Besides that is there anything wrong?

I am wondering if it makes sense to call the shards in a for loop, or there's a way to call it once and let it get handled by a library.

const express = require('express');
const mysql = require('mysql2/promise');

const app = express();
const port = 3000;

// Replace with your actual database connection details
const shardConfigs = [
  {
    host: 'shard1_host',
    user: 'shard1_user',
    password: 'shard1_password',
    database: 'shard1_database',
  },
  {
    host: 'shard2_host',
    user: 'shard2_user',
    password: 'shard2_password',
    database: 'shard2_database',
  },
  // Add configurations for other shards as needed
];

// Create connections for each shard
const shardConnections = shardConfigs.map(config => mysql.createConnection(config));

app.get('/user/feed/:userId', async (req, res) => {
  try {
    const userId = req.params.userId;

    // Step 1: Identify Sharded Database Shard (Hash-based Strategy)
    const selectedShardIndex = userId % shardConfigs.length;
    const selectedShardConnection = shardConnections[selectedShardIndex];

    // Step 2: Query User's Followings
    const followingQuery = 'SELECT followed_user_id FROM followers WHERE follower_user_id = ?';
    const [followingRows] = await selectedShardConnection.execute(followingQuery, [userId]);
    const followingUsers = followingRows.map(row => row.followed_user_id);

    // Step 3: Retrieve Tweets from Followed Users
    const tweets = [];
    for (const shardConnection of shardConnections) {
      const tweetsQuery = 'SELECT * FROM tweets WHERE user_id IN (?) ORDER BY timestamp DESC';
      const [shardTweets] = await shardConnection.execute(tweetsQuery, [followingUsers]);
      tweets.push(...shardTweets);
    }

    // Step 4: Sort and Combine Tweets
    const combinedTweets = tweets.sort((a, b) => b.timestamp - a.timestamp);

    // Step 5: Limit and Paginate
    // Add logic here to limit the number of tweets returned, implement pagination if needed

    // Step 6: Return the Feed to the User Interface
    const feedData = combinedTweets.map(tweet => ({
      tweet_id: tweet.tweet_id,
      user_id: tweet.user_id,
      content: tweet.content,
    }));

    res.json({ feed: feedData });
  } catch (error) {
    console.error(error);
    res.status(500).json({ error: 'Internal Server Error' });
  }
});

app.listen(port, () => {
  console.log(`Server is running at http://localhost:${port}`);
});
\$\endgroup\$

1 Answer 1

3
\$\begingroup\$

You're using mysql.createConnection(config) inside a map function which is synchronous while mysql.createConnection is asynchronous and returns a Promise thus you might end up with a Promise object instead of a connection object in shardConnections. You should await these connections inside an async function before starting your server.

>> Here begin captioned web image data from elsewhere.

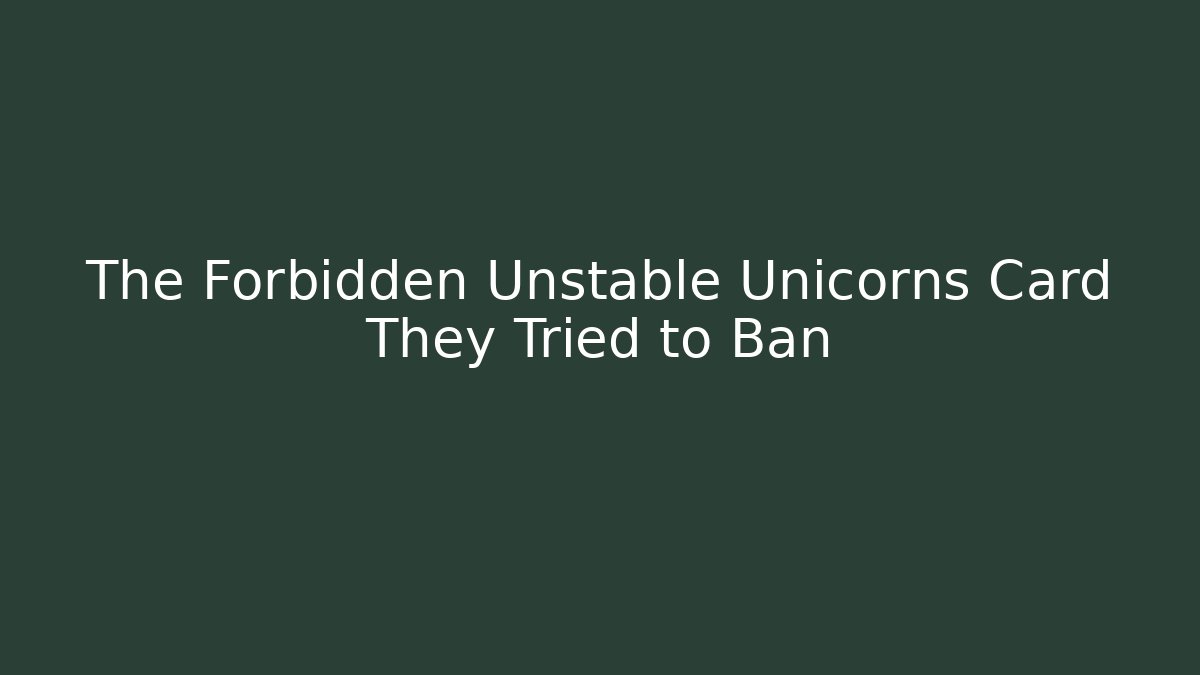 The Forbidden Unstable Unicorns Card They Tried to Ban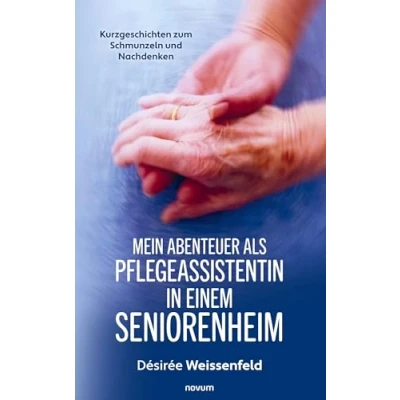 Afbeelding van Mein Abenteuer als Pflegeassistentin in einem Seniorenheim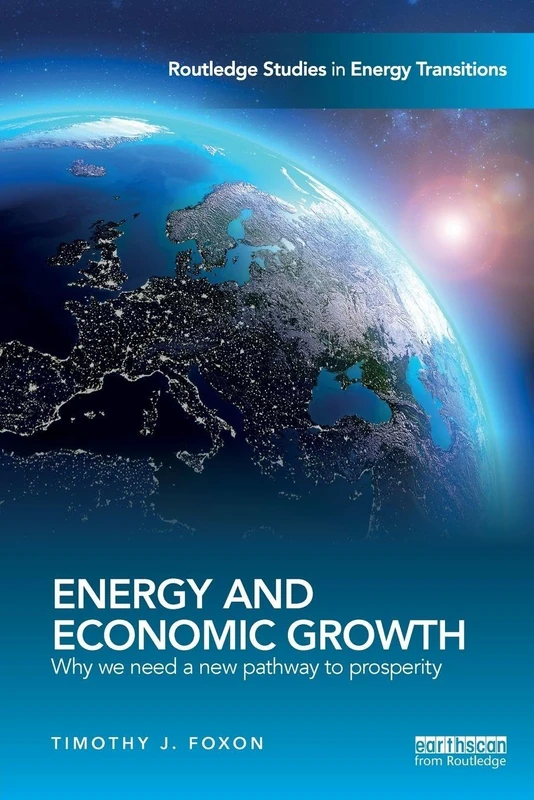 Energy and Economic Growth: Why we need a new pathway to prosperity (Routledge Studies in Energy Transitions)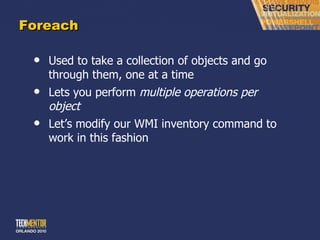 Foreach Used to take a collection of objects and go through them, one at a time Lets you perform  multiple operations per object Let ’s modify our WMI inventory command to work in this fashion 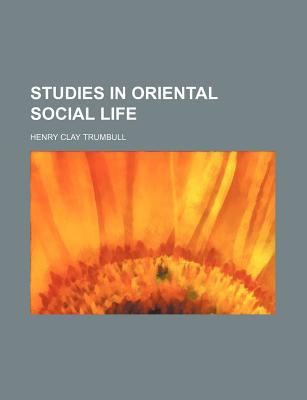 Studies in Oriental Social Life - Trumbull, Henry Clay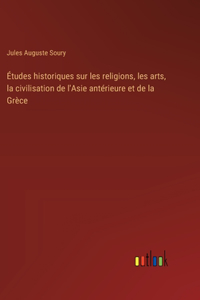 Études historiques sur les religions, les arts, la civilisation de l'Asie antérieure et de la Grèce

async function initShardConnections() {
  for (let i = 0; i < shardConfigs.length; i++) {
    shardConnections[i] = await mysql.createConnection(shardConfigs[i]);
  }
}

// Call this function before starting your server
initShardConnections().then(() => {
  app.listen(port, () => {
    console.log(`Server is running at http://localhost:${port}`);
  });
});

Querying each shard in a loop is not the best way, as it does not utilize the potential for parallel queries. A better approach is to initiate all shard queries simultaneously using Promise.all and then combine the results thus your queries will run in parallel, reducing the overall response time.

const tweetPromises = shardConnections.map(shardConnection =>
  shardConnection.execute(tweetsQuery, [followingUsers])
);
const results = await Promise.all(tweetPromises);
const tweets = results.flatMap(result => result[0]);
\$\endgroup\$